En el extremo sur de la Argentina, la costa santacruceña conmueve por la riqueza y diversidad de fauna en la ría Deseado y la isla Pingüino, por los relieves sugestivos de los Miradores de Darwin y la explosión de naturaleza de estas remotas franjas de mar y tierra.

› Por Graciela Cutuli

Fotos de Graciela Cutuli

La frase es famosa, sobre todo en Puerto Deseado. Porque la escribió Charles Darwin, en el diario de viaje de la célebre expedición que lo trajo a las costas sudamericanas en 1832, y porque refleja el sentimiento que asoma hoy al contemplar el mismo paisaje, intacto, en el extremo final de la ría Deseado, ese brazo de mar que se interna unos 45 kilómetros tierra adentro sobre el antiguo lecho de un río en plena costa santacruceña: “El sitio en que vivaqueamos estaba cercado de atrevidos riscos y empinados pináculos de pórfido. No creo haber visto nunca lugar más apartado del resto del mundo que esta gran grieta rocosa en la extensa llanura”. Y sin embargo, Puerto Deseado es lo más alejado que pueda imaginarse de la desolación: sus costas bullen de vida, en el agua, en la tierra y en el aire. Un paraíso de fauna aún no demasiado explorado por los propios argentinos, pero un secreto bien conocido entre los viajeros extranjeros que llegan expresamente hasta aquí desde lugares remotos, a veces por haber leído a Darwin, a veces atraídos por la posibilidad de ver la rara colonia de pingüinos de penacho amarillo. La naturaleza a nadie le pregunta sus razones: sólo se brinda, y en Puerto Deseado lo hace con una inaudita generosidad.

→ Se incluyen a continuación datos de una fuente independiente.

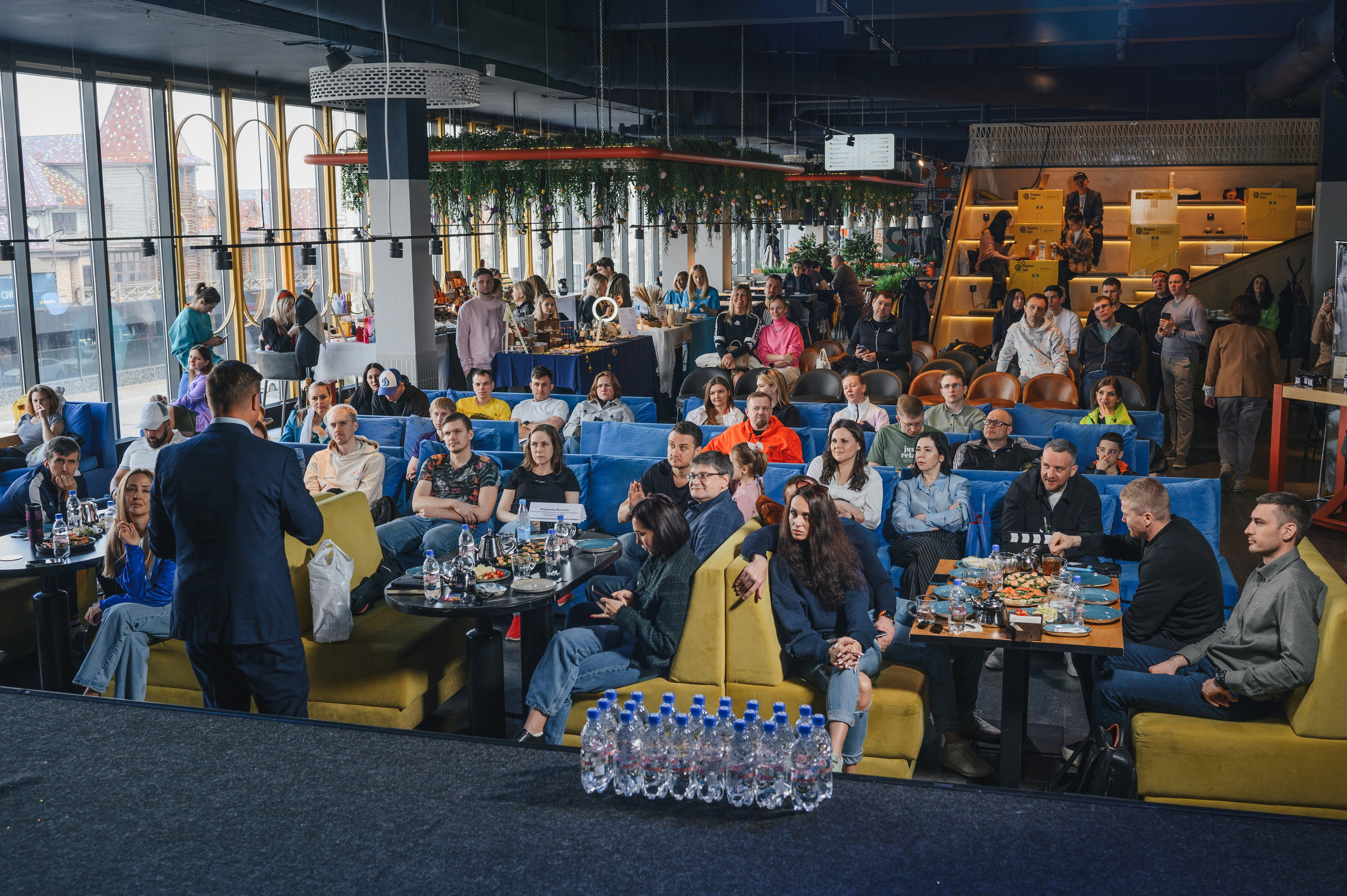 Спортивный завтрак с Владимиром Волошиным 12.04.2025. Фотограф в Самаре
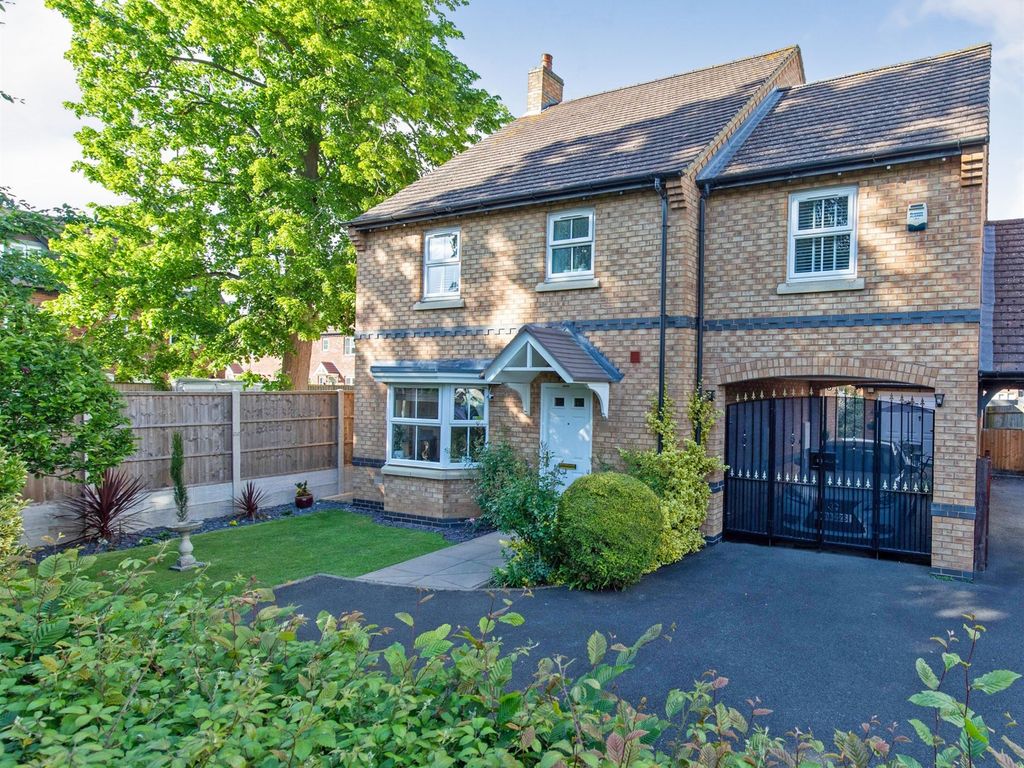 4 bed detached house for sale in Worths Way, StratfordUponAvon CV37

Una pareja de pingüinos de penacho amarillo, presentes en la isla hasta abril.

LOS PENACHOS Así los llaman, familiarmente, porque no necesitan más identificación. Los pingüinos de penacho amarillo son, desde octubre hasta abril, la estrella de Puerto Deseado. Apenas comienza la primavera, la pregunta es: “¿Llegaron los penachos?”. Para saberlo hay que navegar hasta la isla Pingüino, que dista unos 20 kilómetros de la costa y requiere unos 50 minutos de viaje por mar abierto hasta divisar sus relieves coronados por un antiguo faro. Más fácil es saber si llegaron los pingüinos de Magallanes, que también viven por aquí, pero se pueden avistar incluso desde la costa del pueblo, sobre las islas de la ría.

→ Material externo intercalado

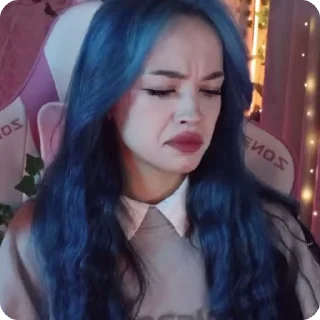 😡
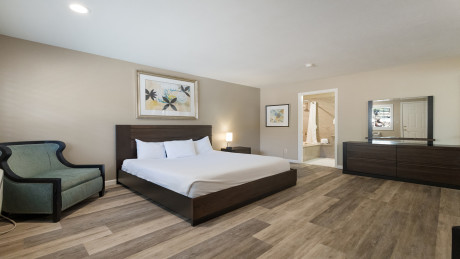 Executive King Suite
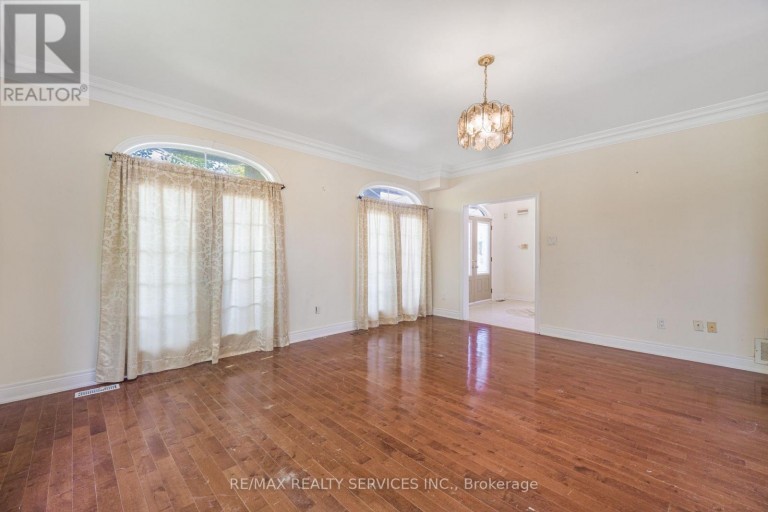 135 SPRUCE AVENUE, Richmond Hill (South Richvale), Ontario, L4C6V9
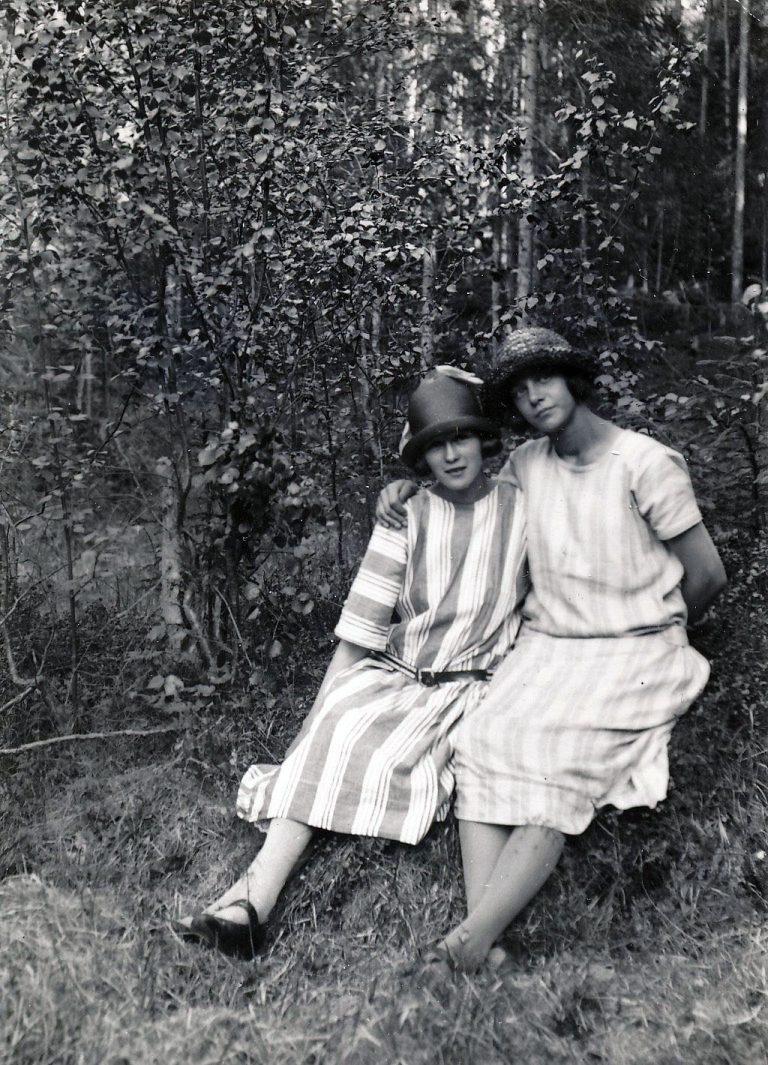 Anna Windahl och Selma Jonsson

“Esto es como Punta Tombo hace treinta años, cuando no recibía tanta gente ni existían las delimitaciones de hoy”, reflexiona Roxana Goronas, guía de Darwin Expediciones, poco antes de partir rumbo a la isla. El día es propicio: Windguru –la web que funciona como biblia de los surfistas y navegantes en todo el mundo, porque permite conocer la previsión de las olas prácticamente sin fronteras– ha dado su visto bueno para zarpar. Unas 20 personas subimos al semirrígido, para navegar primero hasta la boca de la ría –donde hay una ruidosa colonia de gaviotines– y luego hacia la isla Pingüino, que forma parte del sistema nacional de áreas protegidas (aunque no tiene guardaparques), pasando por algunas colonias de lobos marinos que nos miran pasar, curiosos pero no preocupados. Poco antes de llegar, el viento amaina y cesan los tumbos de la embarcación: lo ideal para poner un pie en la isla, inéditamente verde y cubierta de vegetación porque este año la región –habitualmente seca y árida– fue insólitamente rica en lluvias. Cuestiones de un cambio climático cada vez más palpable.

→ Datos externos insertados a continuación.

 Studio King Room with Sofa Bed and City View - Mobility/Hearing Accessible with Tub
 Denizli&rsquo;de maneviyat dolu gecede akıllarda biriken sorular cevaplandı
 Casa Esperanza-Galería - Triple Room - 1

Para desembarcar, Ricardo, el capitán de la embarcación, nos acerca hasta la costa, donde finalmente hacemos pie en la isla. Lo suyo será un poco más trabajoso: como no hay amarraderos, dejará el semirrígido un poco más alejado y remará en kayak hasta tocar la orilla, donde lo miran sin curiosidad varios pingüinos de Magallanes. Porque este es “su” lado de la isla: la colonia de la especie está sobre esta costa, donde nidifica y empolla sus huevos, en tanto los penachos están del otro lado, en un sector mucho más rocoso, ya que tienen una propiedad particular: además de caminar, esta especie –más vistosa por las plumas amarillas de la cabeza, pero también más agresiva– puede saltar de peñasco en peñasco. “Nunca hay que tocarlos, ni a uno ni a otros”, recuerda Roxana, mientras nos va llevando de un lado a otro de la isla, explicando las costumbres de la especie. “Sería contraproducente el contacto humano, pueden ser aislados por los demás ejemplares, y lo mismo ocurre con las crías cuando nazcan.”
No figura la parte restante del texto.